Reproduce, from the lines below, exactly the stretch that begins at the line containing "Масивен сребърен синджир" and ends at the line containing "Gymshark Crest Oversized Track Jacket Black", both included.

··· Records to use ···

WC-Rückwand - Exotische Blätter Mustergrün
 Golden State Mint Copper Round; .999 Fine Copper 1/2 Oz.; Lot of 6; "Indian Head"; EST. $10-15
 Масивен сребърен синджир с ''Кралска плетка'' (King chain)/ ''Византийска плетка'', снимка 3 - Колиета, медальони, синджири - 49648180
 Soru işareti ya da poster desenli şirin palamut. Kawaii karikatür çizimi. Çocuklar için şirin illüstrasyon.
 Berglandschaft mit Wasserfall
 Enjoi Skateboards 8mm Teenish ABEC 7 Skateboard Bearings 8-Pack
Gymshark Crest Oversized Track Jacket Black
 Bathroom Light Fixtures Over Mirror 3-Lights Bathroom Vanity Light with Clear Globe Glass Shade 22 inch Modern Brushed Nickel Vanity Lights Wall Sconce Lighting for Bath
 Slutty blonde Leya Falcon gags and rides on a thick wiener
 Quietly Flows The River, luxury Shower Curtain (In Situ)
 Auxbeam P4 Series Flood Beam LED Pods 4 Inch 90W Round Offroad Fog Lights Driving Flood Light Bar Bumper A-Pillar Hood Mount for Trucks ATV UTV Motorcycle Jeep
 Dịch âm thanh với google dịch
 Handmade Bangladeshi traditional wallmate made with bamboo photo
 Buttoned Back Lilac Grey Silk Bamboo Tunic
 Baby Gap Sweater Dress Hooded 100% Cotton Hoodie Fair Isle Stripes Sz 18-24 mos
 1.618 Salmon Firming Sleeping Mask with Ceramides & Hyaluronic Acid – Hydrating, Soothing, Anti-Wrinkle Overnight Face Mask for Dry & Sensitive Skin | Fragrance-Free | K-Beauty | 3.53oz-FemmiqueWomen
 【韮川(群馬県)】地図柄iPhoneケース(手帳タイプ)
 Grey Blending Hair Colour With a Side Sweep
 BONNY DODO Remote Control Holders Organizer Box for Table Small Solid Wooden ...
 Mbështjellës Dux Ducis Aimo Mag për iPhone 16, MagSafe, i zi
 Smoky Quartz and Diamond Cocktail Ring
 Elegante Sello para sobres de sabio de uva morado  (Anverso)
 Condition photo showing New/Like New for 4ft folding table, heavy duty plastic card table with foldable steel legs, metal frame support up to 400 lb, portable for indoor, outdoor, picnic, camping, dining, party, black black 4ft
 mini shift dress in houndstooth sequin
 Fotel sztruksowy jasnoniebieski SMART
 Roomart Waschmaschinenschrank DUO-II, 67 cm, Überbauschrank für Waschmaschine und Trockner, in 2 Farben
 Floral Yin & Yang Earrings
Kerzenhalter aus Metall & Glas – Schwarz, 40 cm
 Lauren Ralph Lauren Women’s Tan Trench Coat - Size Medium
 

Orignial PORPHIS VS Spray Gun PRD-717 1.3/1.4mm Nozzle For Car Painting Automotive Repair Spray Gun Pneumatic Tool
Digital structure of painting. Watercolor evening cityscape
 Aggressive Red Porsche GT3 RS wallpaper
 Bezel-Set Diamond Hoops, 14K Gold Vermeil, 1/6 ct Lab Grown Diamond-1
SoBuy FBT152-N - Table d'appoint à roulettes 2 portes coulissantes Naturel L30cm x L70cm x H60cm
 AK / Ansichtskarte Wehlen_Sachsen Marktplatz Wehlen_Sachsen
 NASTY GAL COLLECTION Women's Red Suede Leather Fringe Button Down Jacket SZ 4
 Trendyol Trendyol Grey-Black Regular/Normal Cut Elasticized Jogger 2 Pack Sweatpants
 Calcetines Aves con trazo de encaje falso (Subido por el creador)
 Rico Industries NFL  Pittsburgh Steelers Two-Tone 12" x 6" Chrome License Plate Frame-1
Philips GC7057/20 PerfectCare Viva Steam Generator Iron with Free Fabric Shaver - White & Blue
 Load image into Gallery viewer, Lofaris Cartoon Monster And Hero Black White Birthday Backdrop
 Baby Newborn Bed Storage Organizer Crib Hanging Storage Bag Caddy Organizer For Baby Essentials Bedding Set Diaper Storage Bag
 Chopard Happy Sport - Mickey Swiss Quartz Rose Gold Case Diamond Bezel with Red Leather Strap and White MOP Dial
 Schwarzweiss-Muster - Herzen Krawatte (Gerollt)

···

* Solved exercise
 Масивен сребърен синджир с ''Кралска плетка'' (King chain)/ ''Византийска плетка'', снимка 3 - Колиета, медальони, синджири - 49648180
 Soru işareti ya da poster desenli şirin palamut. Kawaii karikatür çizimi. Çocuklar için şirin illüstrasyon.
 Berglandschaft mit Wasserfall
 Enjoi Skateboards 8mm Teenish ABEC 7 Skateboard Bearings 8-Pack
Gymshark Crest Oversized Track Jacket Black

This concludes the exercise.